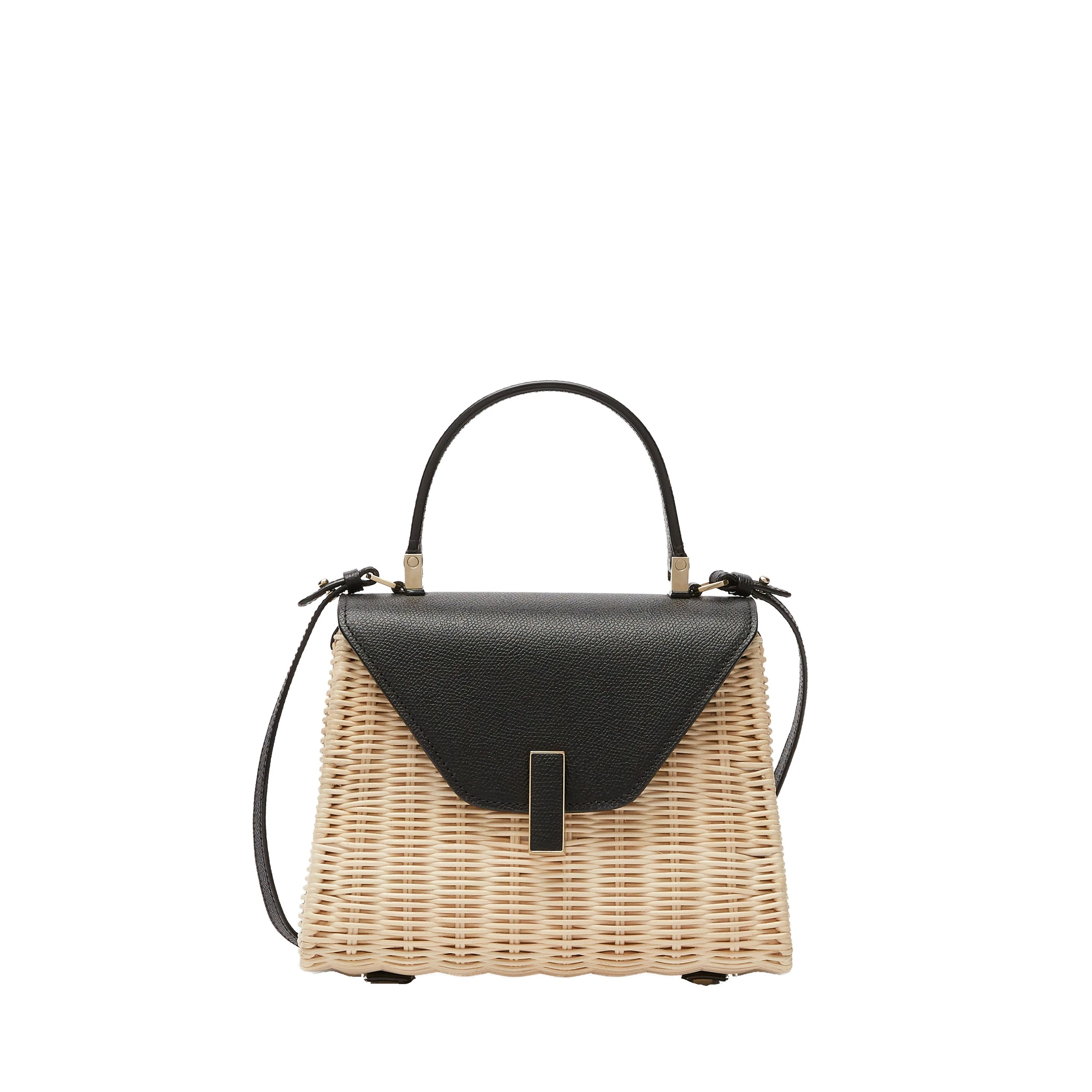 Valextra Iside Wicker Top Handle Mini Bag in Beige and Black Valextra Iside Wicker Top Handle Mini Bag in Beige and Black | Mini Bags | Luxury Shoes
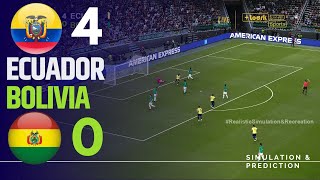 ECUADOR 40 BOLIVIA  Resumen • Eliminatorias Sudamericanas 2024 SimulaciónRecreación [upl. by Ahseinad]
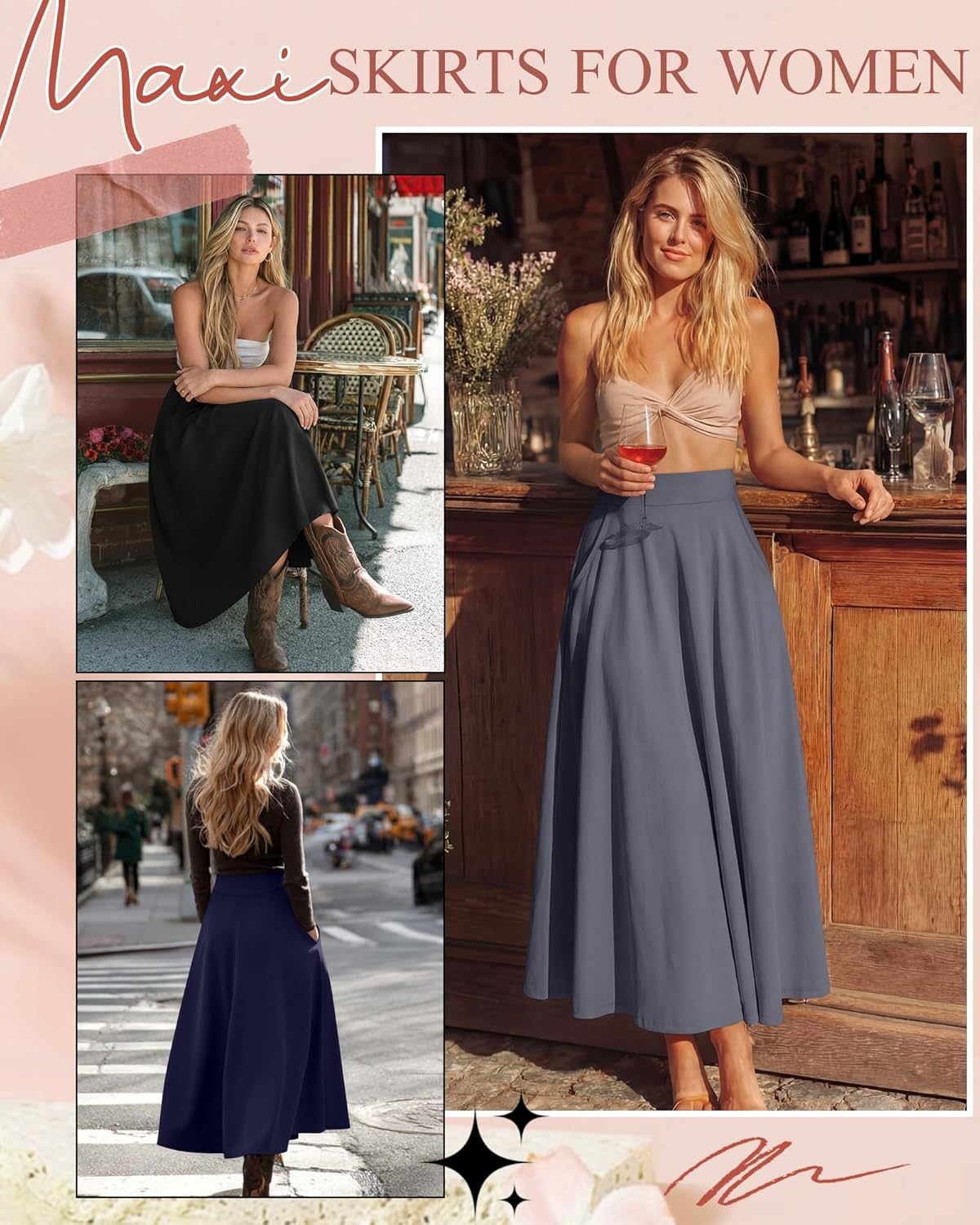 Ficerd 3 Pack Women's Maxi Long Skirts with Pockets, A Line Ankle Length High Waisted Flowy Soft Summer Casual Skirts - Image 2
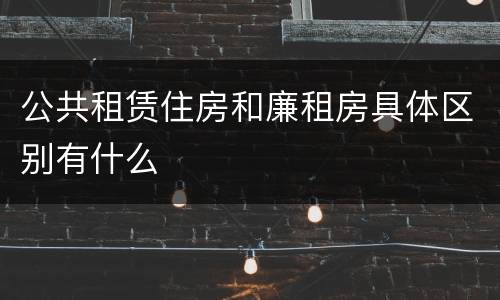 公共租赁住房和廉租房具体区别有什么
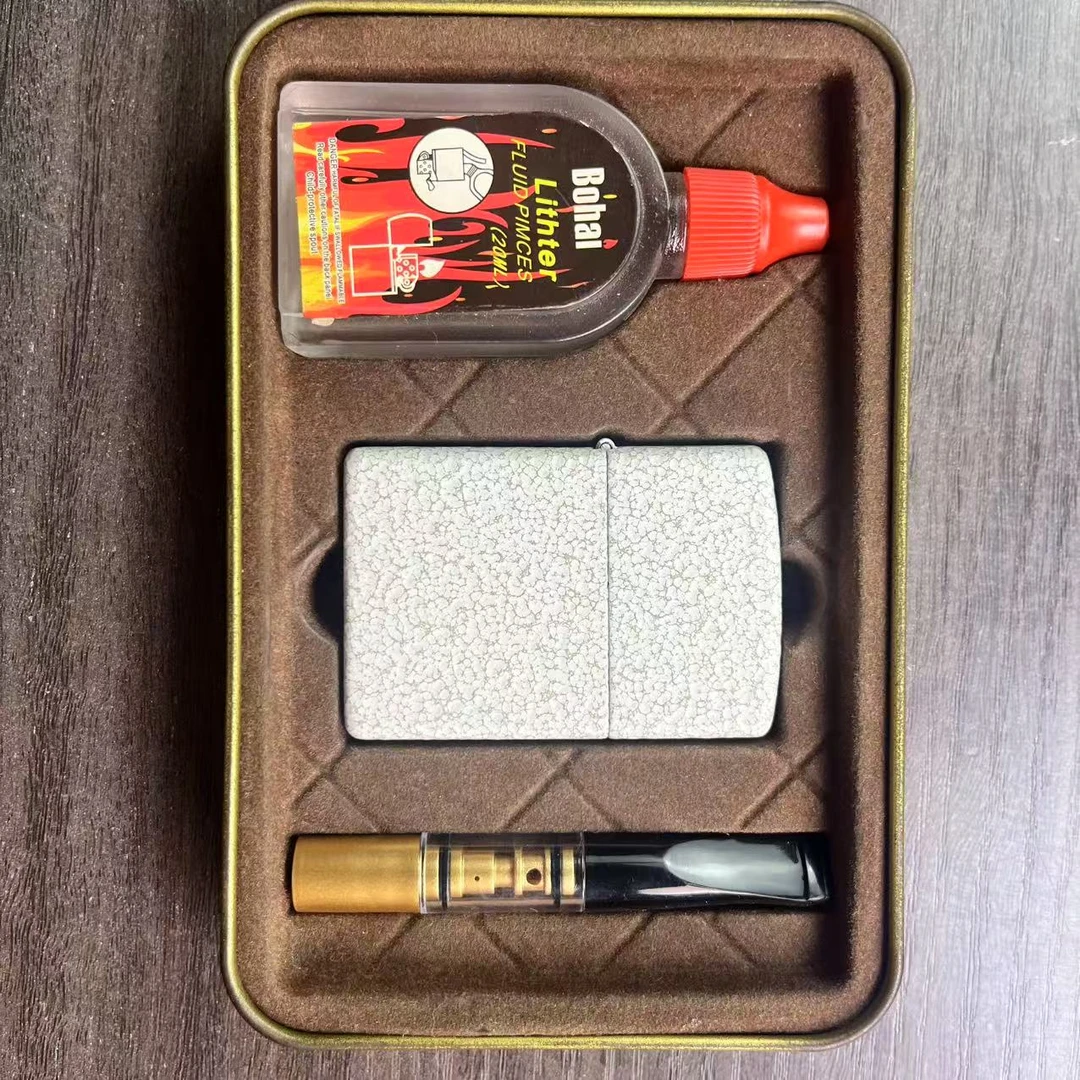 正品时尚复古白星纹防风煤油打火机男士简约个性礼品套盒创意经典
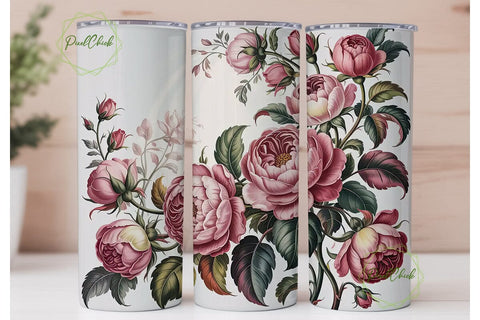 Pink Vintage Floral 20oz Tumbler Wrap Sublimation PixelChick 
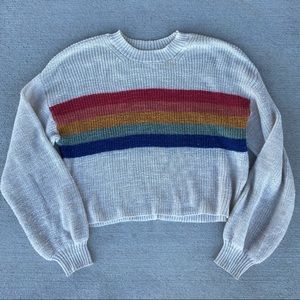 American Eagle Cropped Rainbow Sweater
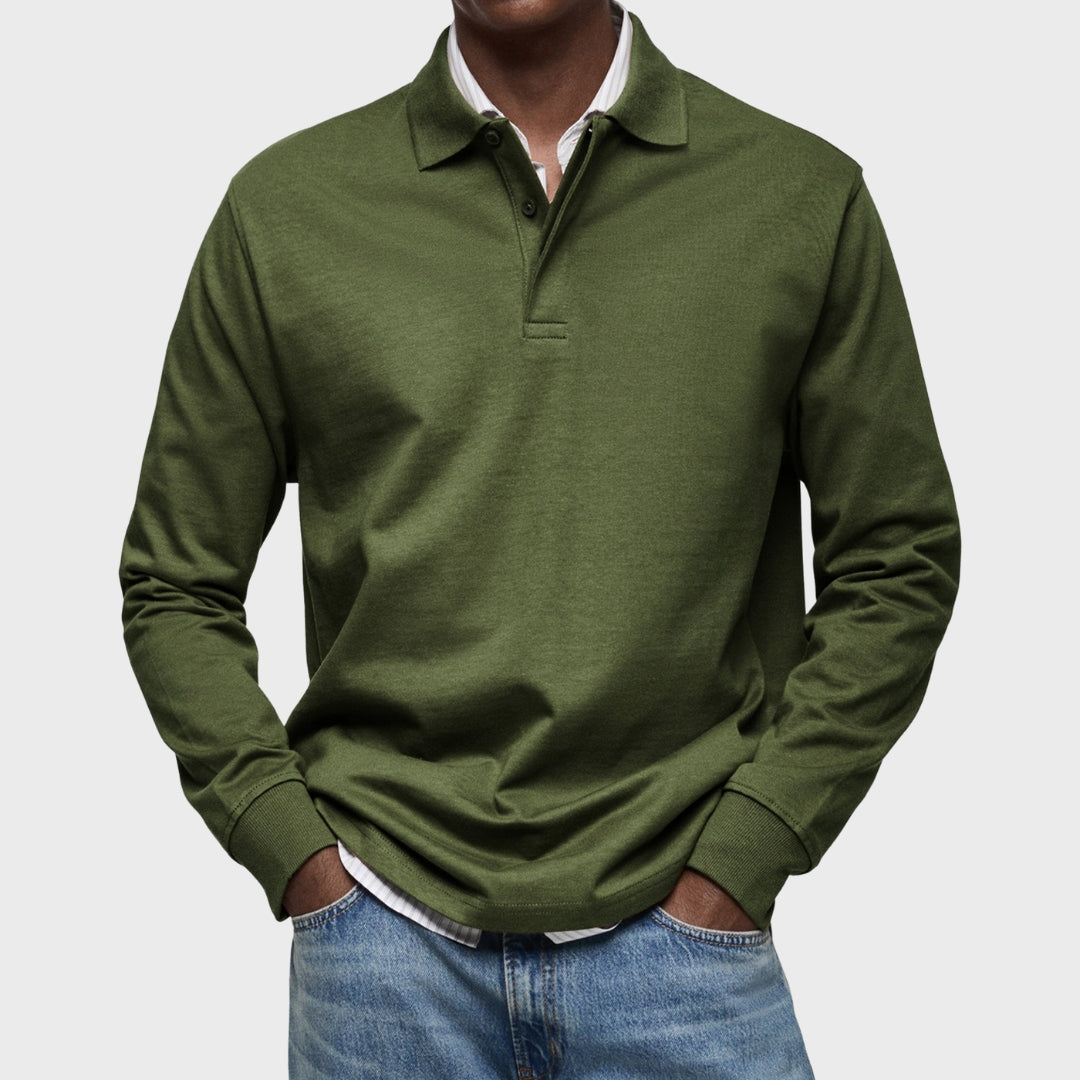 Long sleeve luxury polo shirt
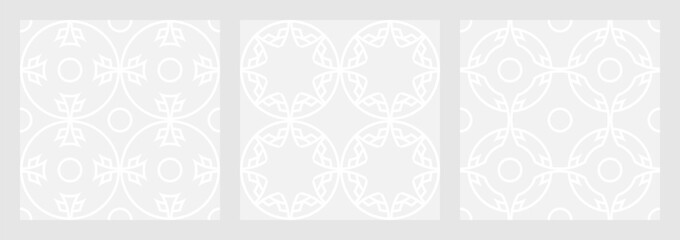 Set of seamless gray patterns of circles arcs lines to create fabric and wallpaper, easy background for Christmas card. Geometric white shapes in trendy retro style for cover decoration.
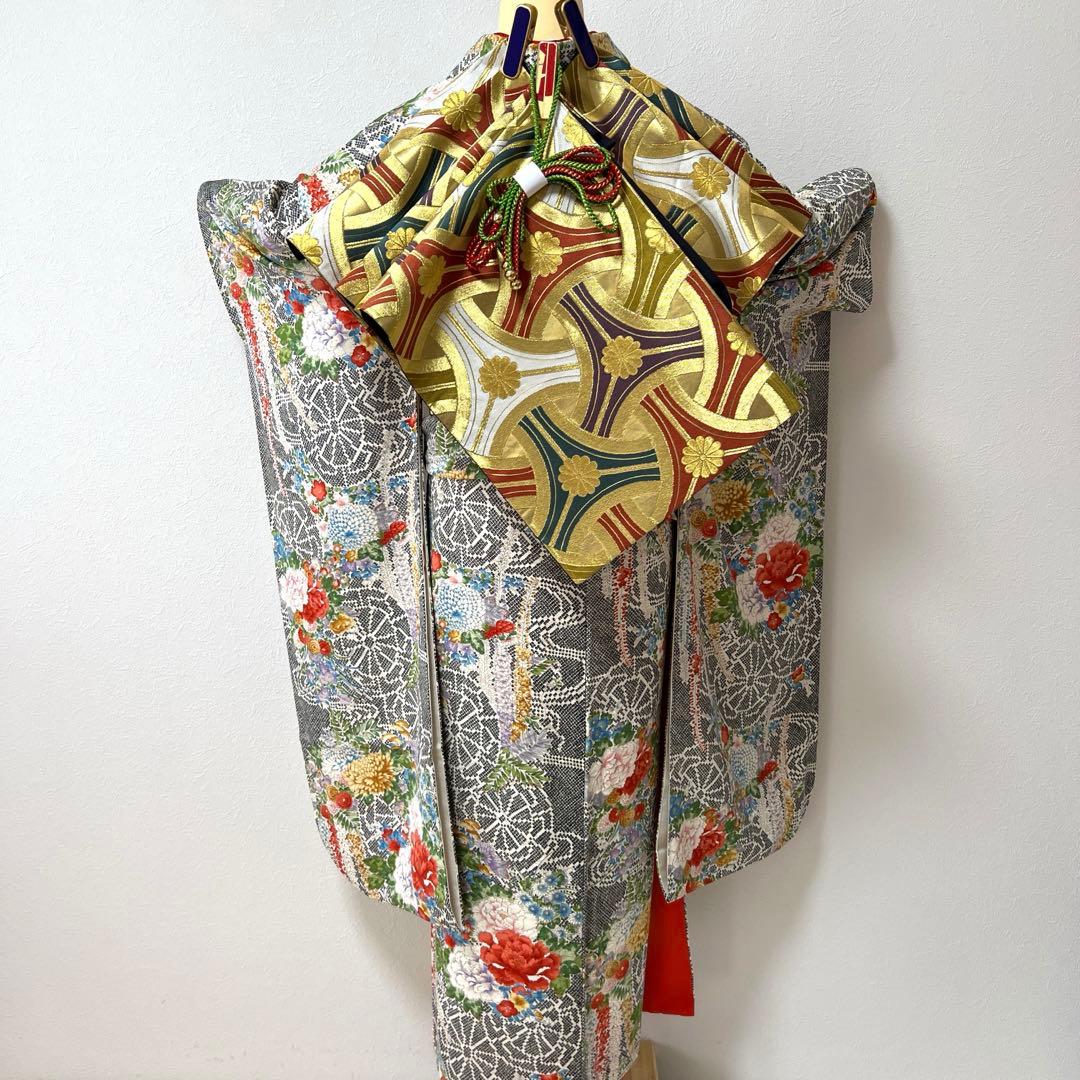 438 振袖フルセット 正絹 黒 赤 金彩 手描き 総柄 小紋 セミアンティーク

■ EXERCISE GOAL ■
Every line of the data should be copied as it stands, without the images.

■ SOLVED PROBLEM ■
 Valextra Iside Wicker Top Handle Mini Bag in Beige and Black Valextra Iside Wicker Top Handle Mini Bag in Beige and Black | Mini Bags | Luxury Shoes
 ECUADOR 40 BOLIVIA  Resumen • Eliminatorias Sudamericanas 2024 SimulaciónRecreación [upl. by Ahseinad]
 Ficerd 3 Pack Women's Maxi Long Skirts with Pockets, A Line Ankle Length High Waisted Flowy Soft Summer Casual Skirts - Image 2
 公共租赁住房和廉租房具体区别有什么
 正品时尚复古白星纹防风煤油打火机男士简约个性礼品套盒创意经典
 Pink Vintage Floral 20oz Tumbler Wrap Sublimation PixelChick 
 American Eagle Cropped Rainbow Sweater
 Long sleeve luxury polo shirt
 Set of seamless gray patterns of circles arcs lines to create fabric and wallpaper, easy background for Christmas card. Geometric white shapes in trendy retro style for cover decoration.
 438 振袖フルセット 正絹 黒 赤 金彩 手描き 総柄 小紋 セミアンティーク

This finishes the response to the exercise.